I just finished up looking at a commercial package that runs on Linux, and uses a SmartKey dongle from some guys in Italy. The dongle design looks as good as any other, and as Rainbow used to advertise a long time ago, "people never attack the key". This was true in this case as well. There were 4 or 5 apps in the package that were protected. (They basically just read memory locations from the key to see if the options pertinent to their situation were enabled or not). For instance, the report generation module would check the key to see if the memory location set aside for it had the correct value in it, or not, and used this value to determine whether to generate the reports, or, I don't know, put a "this is a demo version" banner on them or something. Anyway, you get the idea.

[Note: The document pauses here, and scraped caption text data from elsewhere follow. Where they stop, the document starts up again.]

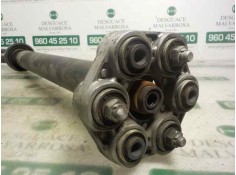 Recambio de transmision central para bmw serie 1 lim. (f20) 2.0 turbodiesel referencia OEM IAM 26107598405 7598405  2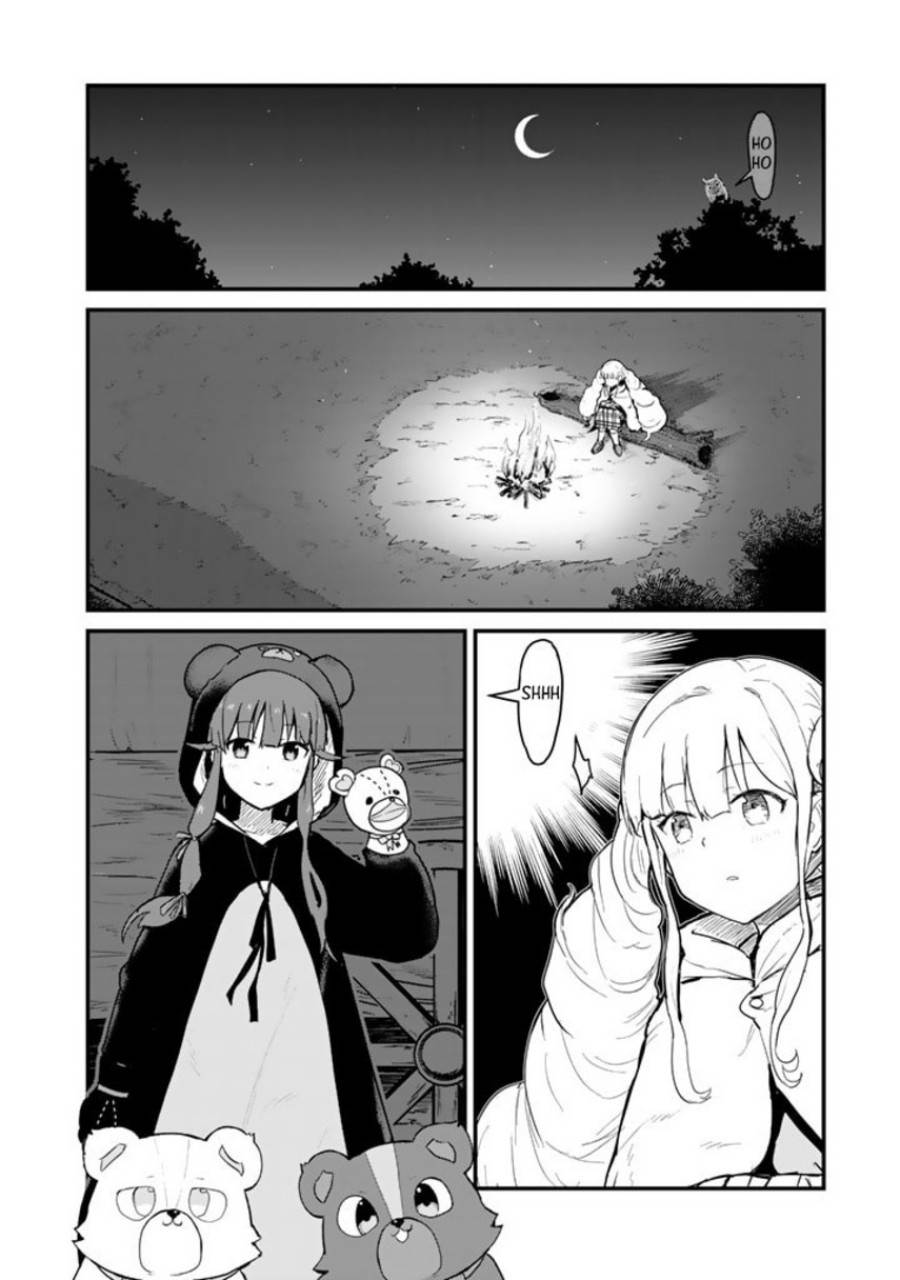 image-komik-kuma-kuma-kuma-bear-chapter-87-9/20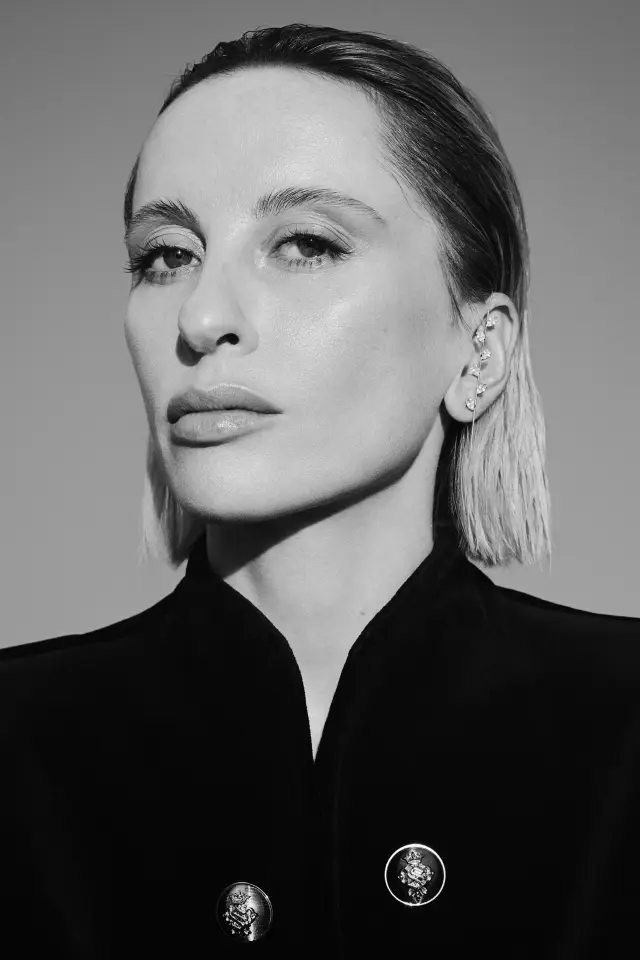Фото Екатерина Решетникова (Ekaterina Reshetnikova)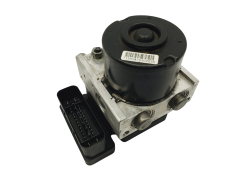 Bomba Abs Opel Astra H Zafira B 13157575 10.0970-0503.3 62956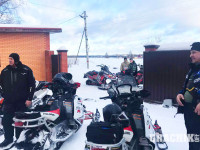 grachikoff-club-snowvihi-2-850-531-40.jpg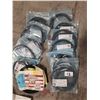 Image 4 : CÂBLE LMR-250 FRPE 10'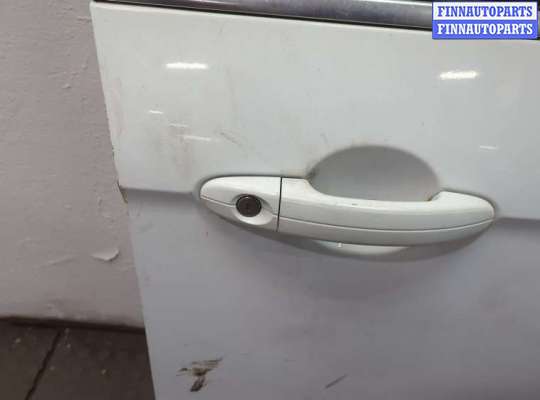 купить Дверь боковая (легковая) на Ford S-Max 2010-2015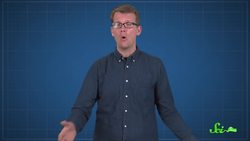 How to Build a Rocket Engine in Your Kitchen (Experiment Episode) Instructional Video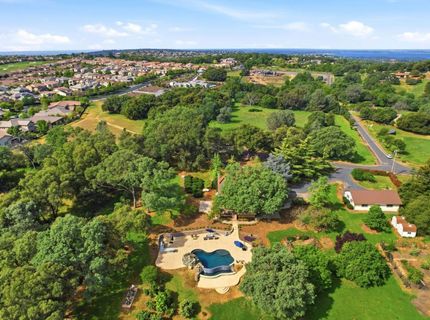 1790 Deer Valley Rd, Rescue, CA 95672 Photo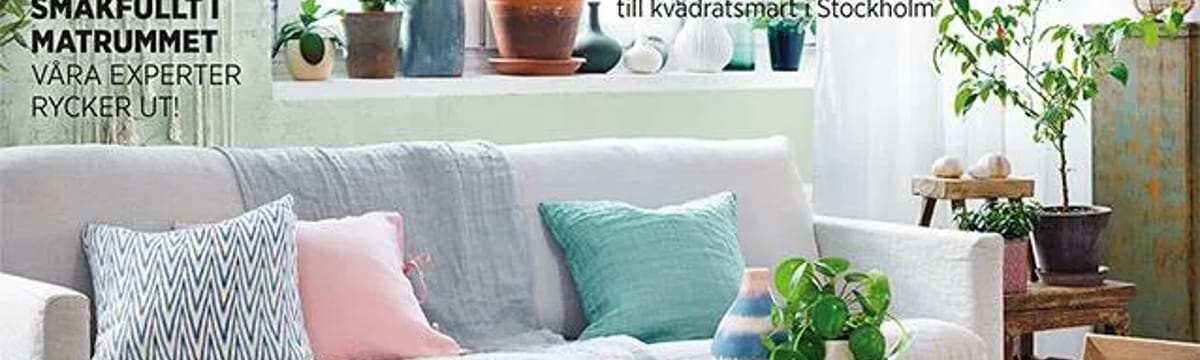 Äldreomsorg in Gävle, Gävleborgs län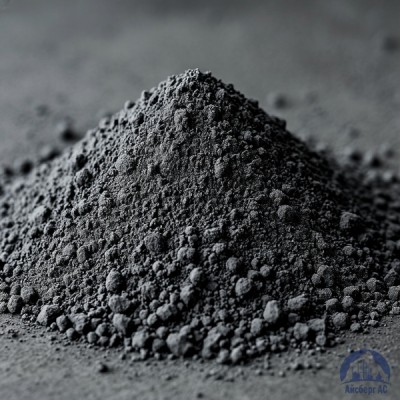 Порошок кобальтовый ПК-1У ТУ 1793-009-07622839-2008 купить в Красноярске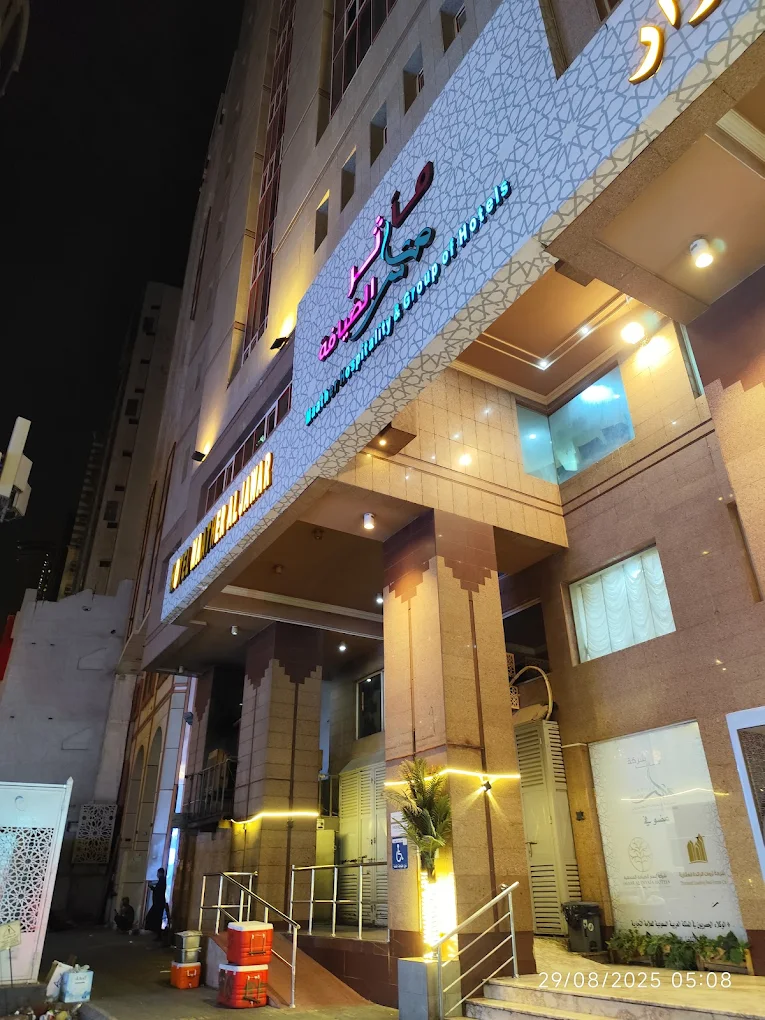 hotel-image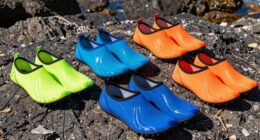 top rocky beach water shoes
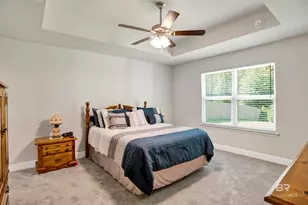 22894 Ridgewood Dr, Robertsdale, AL 36567 - Photo 13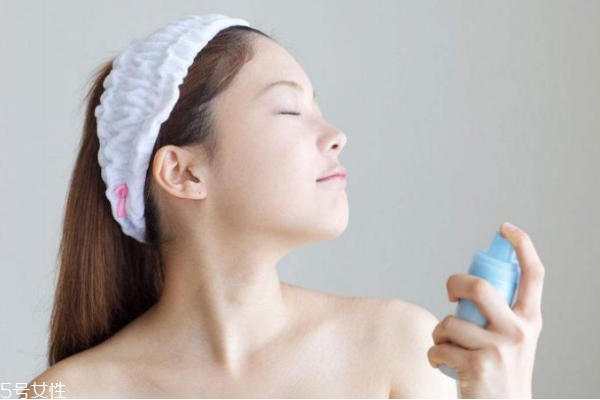 旅游期間怎么護(hù)膚 這些方法值得一試 旅游期間怎么護(hù)膚 這些方法值得一試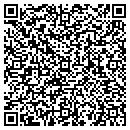 QR code with Supercuts contacts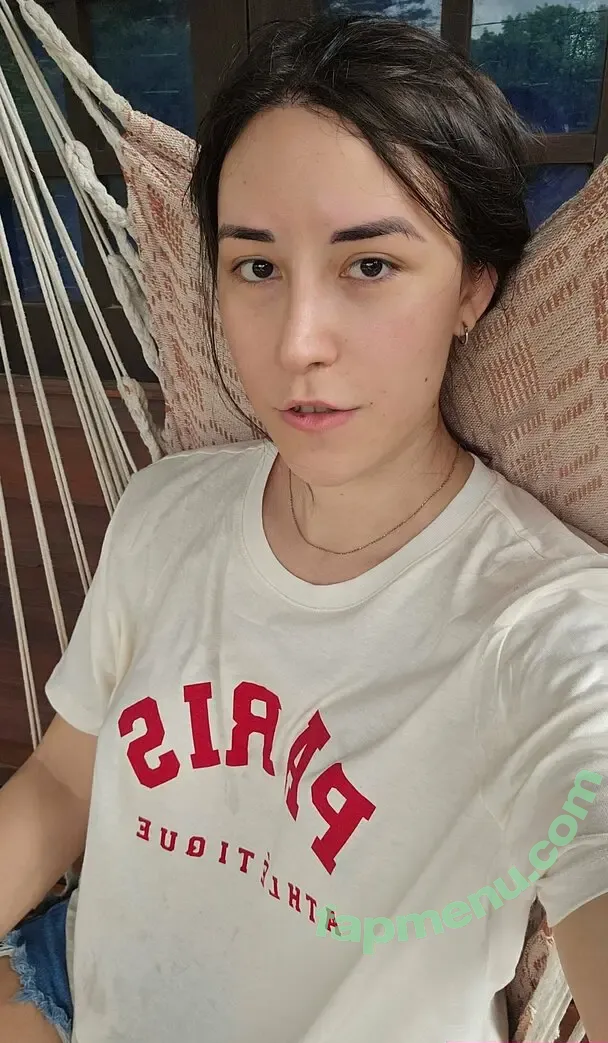 laliwhite nude photo #0092 (laliwhite)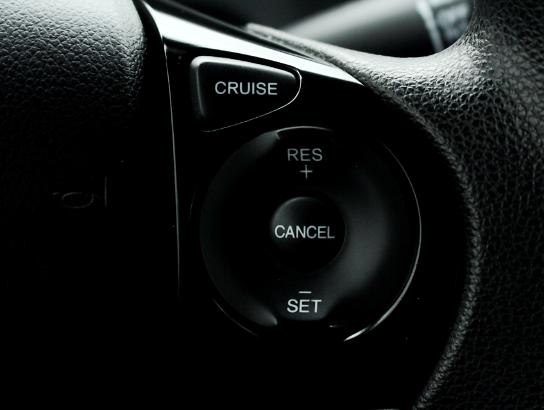 Florida Fine Cars - Used HONDA CIVIC 2012 MIAMI LX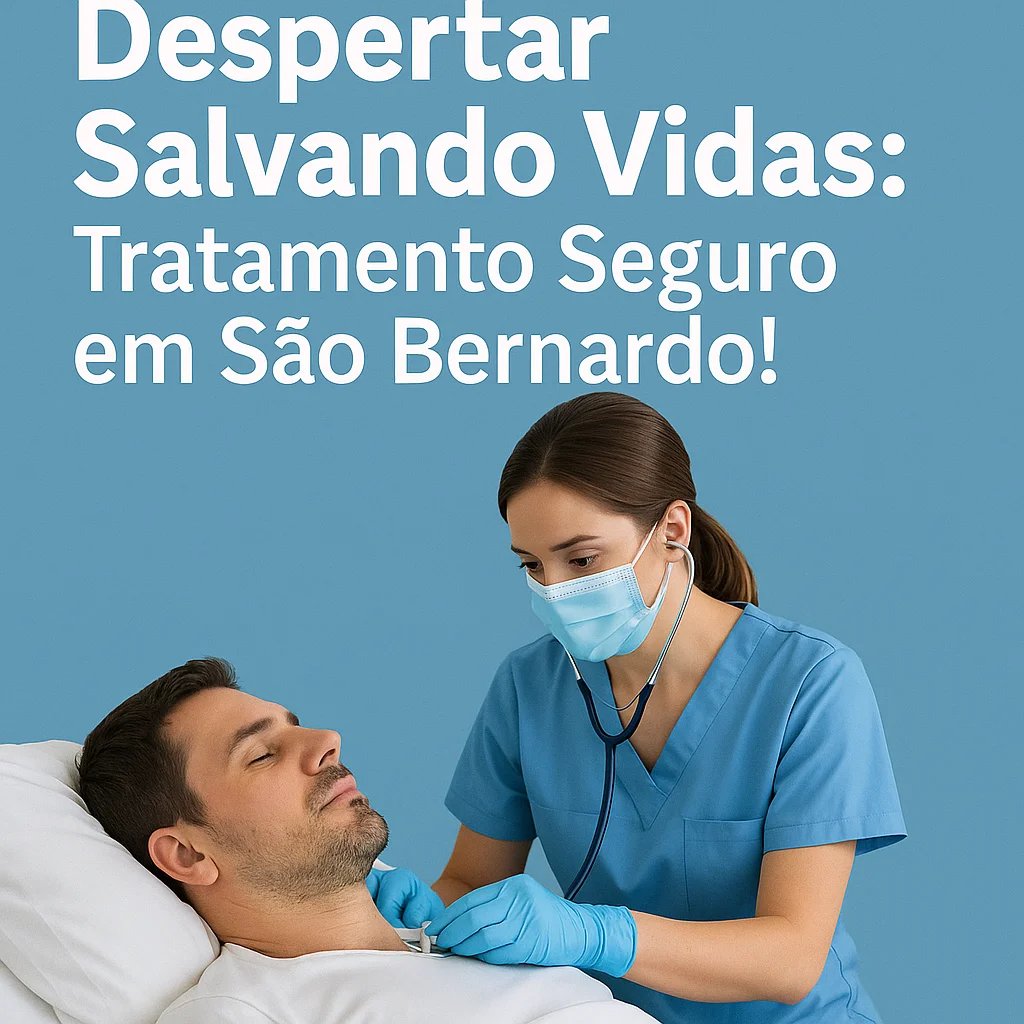 moradia assistida para dependentes alcoolatras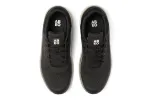 MXV Quest sold by The Walking Company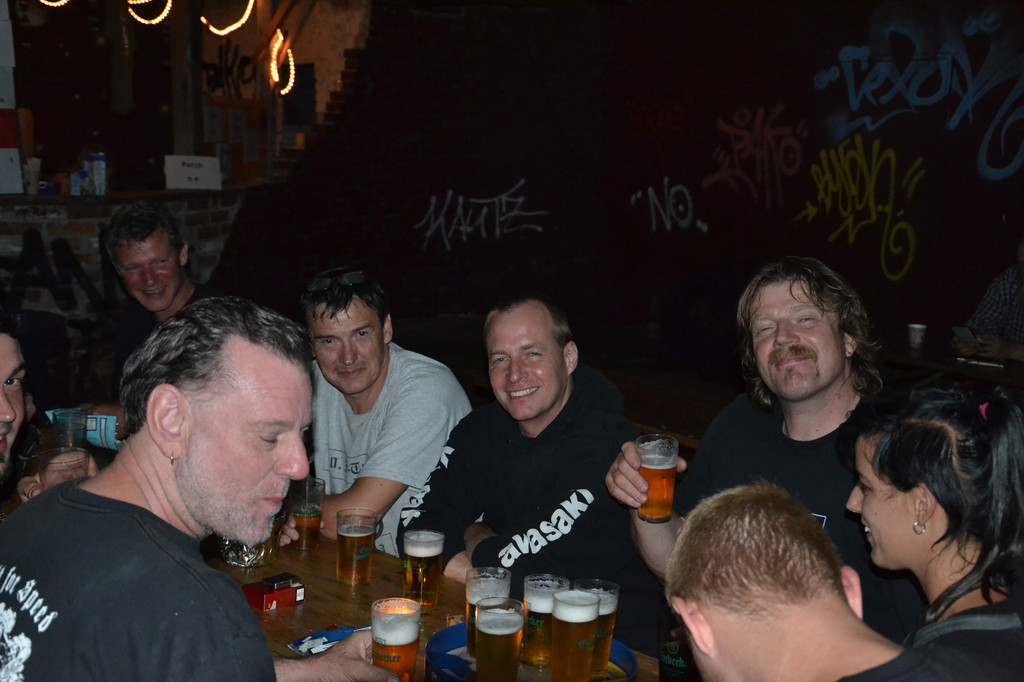 2015 Hannover
(c) www.kawasaki-z.de
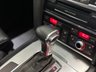 USED 2014 64 AUDI Q7 3.0 TDI QUATTRO S LINE STYLE EDITION 5d 242 BHP Tinted Pan Roof, Rear Camera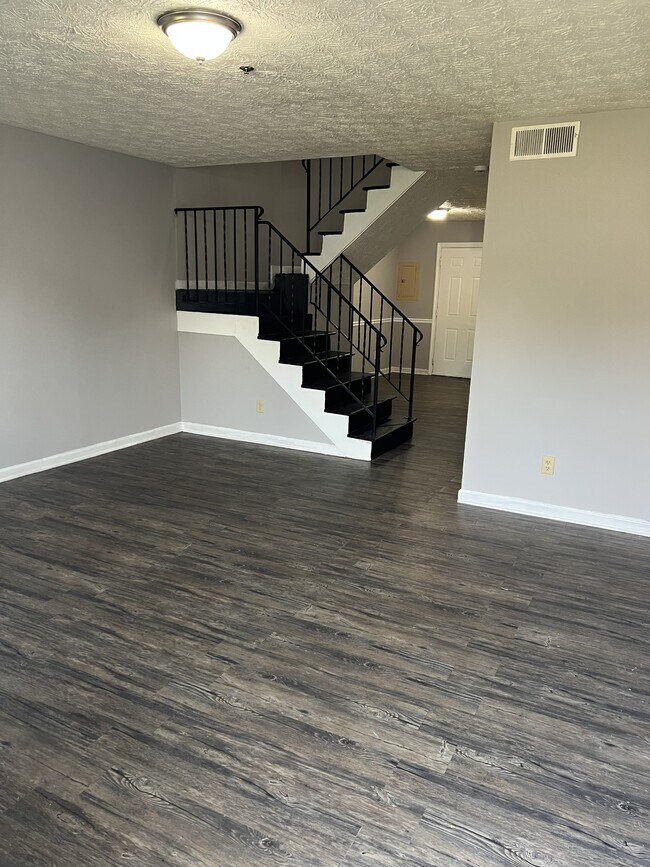 2629 Evans Mill Dr in Lithonia, GA - Building Photo - Building Photo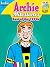 Archie Milestones Digest #14: Best of the 1990s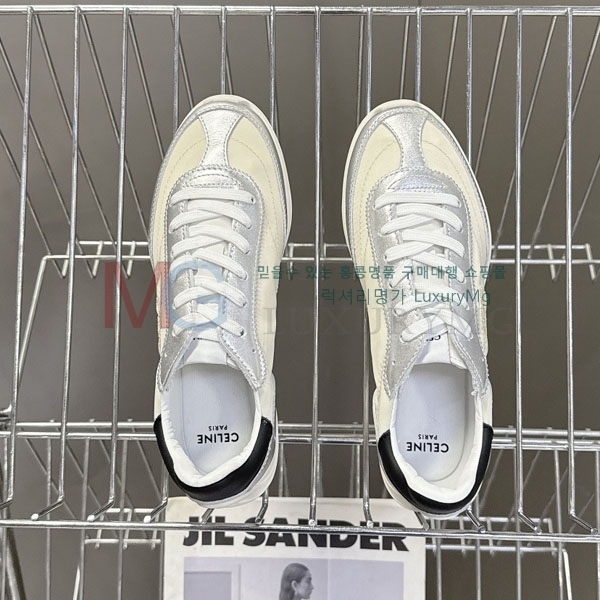 ���� ������ ����Ŀ��  SE659600-1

Now, on to the perils of commercial protection. Specifically "off the shelf protection". The programmer who wrote the apps seemed like he knew how to write apps, but not really design a good protection system. And it's this scenario that exposes the peril most directly. As I said above, there were 4 or 5 apps that were protected. He wrote them in C, and linked against the library provided by the dongle manufacturer to implement his checks. The big problem here, is that you now have a big glob of code in each of your protected executables that's not only the SAME in every app, but is the heart of your protection system. In a posting prior to this one, I detail how I gutted and "repurposed" a function in the Sentinel .DLL in an app called SNMPc. This would certainly be possible with these apps as well, but instead of gutting a common library, you'd be doing a simple search and replace of some code in each executable. In this particular case, the library contained an error message that would print if something happened to cause the communications with the key to get out of sync. So, the procedure for each app was:
Run through IDA
Search for string
Trace backwards to find caller(s)
Using this technique, I was able to completely understand what data the dongle contained, and how each byte was used in each program. So, instead of providing the protection that the author expected, it actually made his apps EASIER to crack.
In the span of a couple of hours, I was able to rewrite the "checker program" that the client app used to verify your permissions in C, and have it work flawlessly. All with information that I had garnered thanks to the staticly linked routines in his apps.